Austin Rovenstine said he’s known Girod “forever.”

“My dad was in politics, so I was always around him,” Austin said. Girod got him started in politics by appointing him as vice precinct committeeman in 2012. “He gave me my first political office as vice committeeman for Harrison 1.”
Austin said Girod was a great uniter as chair. Girod was the party chair during all of the upheavals during the Tea Party movement and Girod was able to win approval of all of those involved in the Tea Party who initially were against him. Austin said Girod was “magnanimous and kind.”
“He was a friend and we will miss him,” Austin said.

Lynn Howie, who served on the Republican Central Committee with Girod and knew him for over 25 years, posted on her Facebook page, “What a great loss to Kosciusko County as former prosecutor, former GOP chair and more importantly friend to many, especially to me. … He will be missed. It leaves a big hole in my heart. He had become my theater, political and dinner buddy.”

Via Facebook Messenger, she also stated, “He was one of a kind and a true friend. Not many of those left in this world.”

She also talked about how he cared for his mother and sister until their deaths.

Indiana Secretary of State Diego Morales posted on his Facebook page, “Sidonia and I join the family and friends of Randy Girod in mourning his passing. Randy was an inspirational community leader, as well as the Kosciusko County Republican chair. He was a dear friend and will be greatly missed. While we grieve his loss, may we also rejoice in his heavenly reward.”

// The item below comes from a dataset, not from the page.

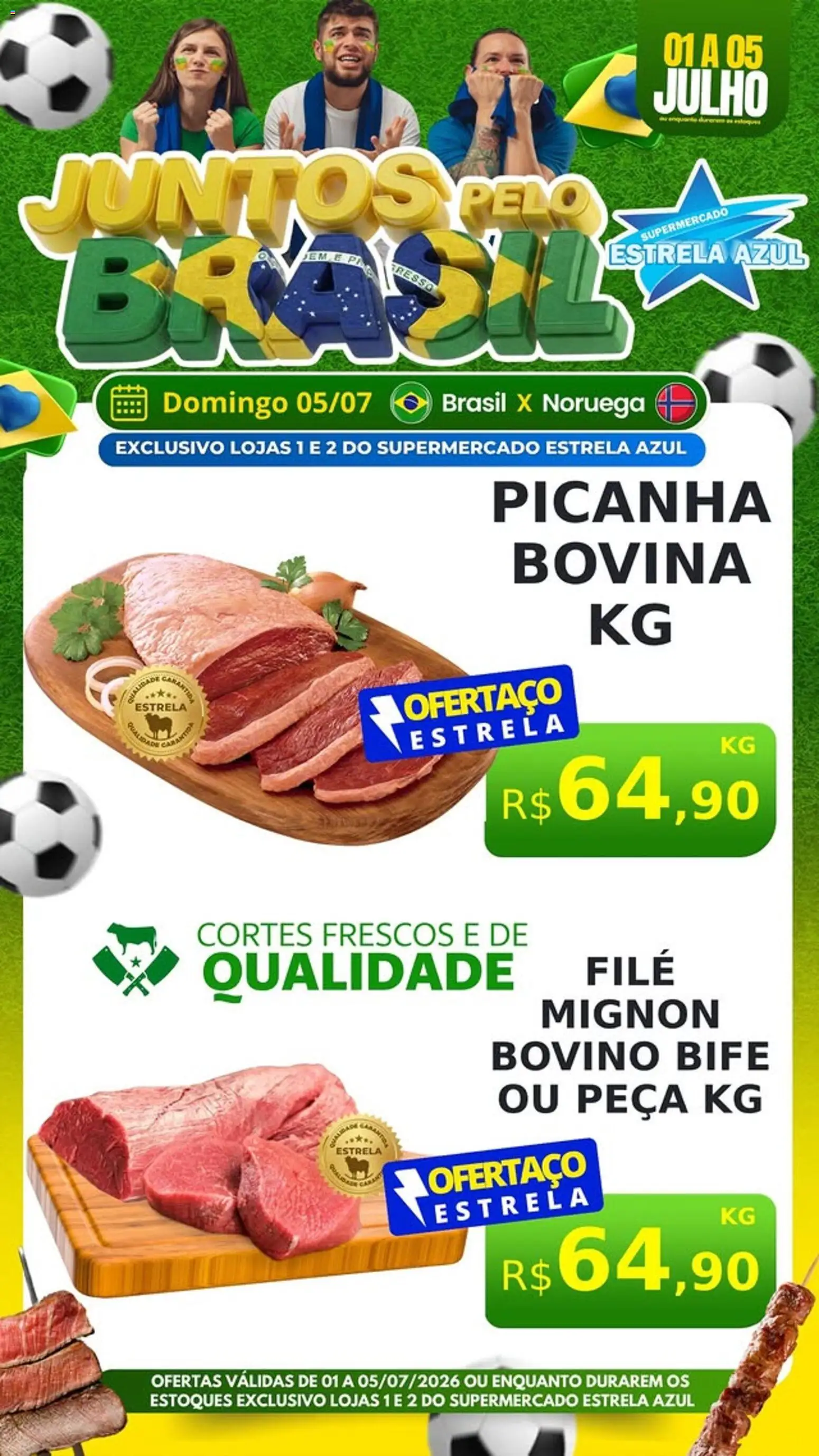 Estrela Azul Folheto - válido de 01/07/2026 | Página: 5 | Produtos: Filé mignon, Picanha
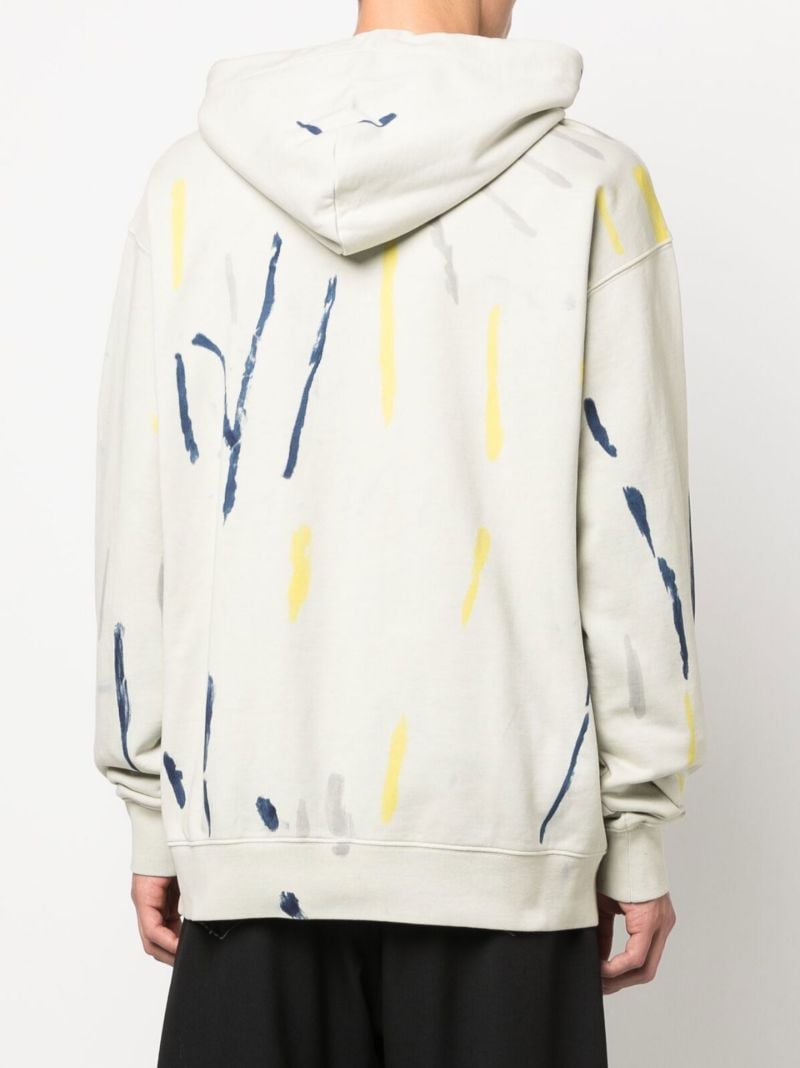 Neutral Tie-dye Print Cotton Hoodie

On the Kosciusko County Republican Party Facebook page, they posted, “We are deeply saddened to learn of the passing of our former chairman, Randy Girod. Randy served as our prosecuting attorney from 1991 to 1995, as our Republican chairman from 2009 to 2016, and he spent many years on our county election board. He was a greatly respected public servant and a greatly loved friend. He will be dearly missed.”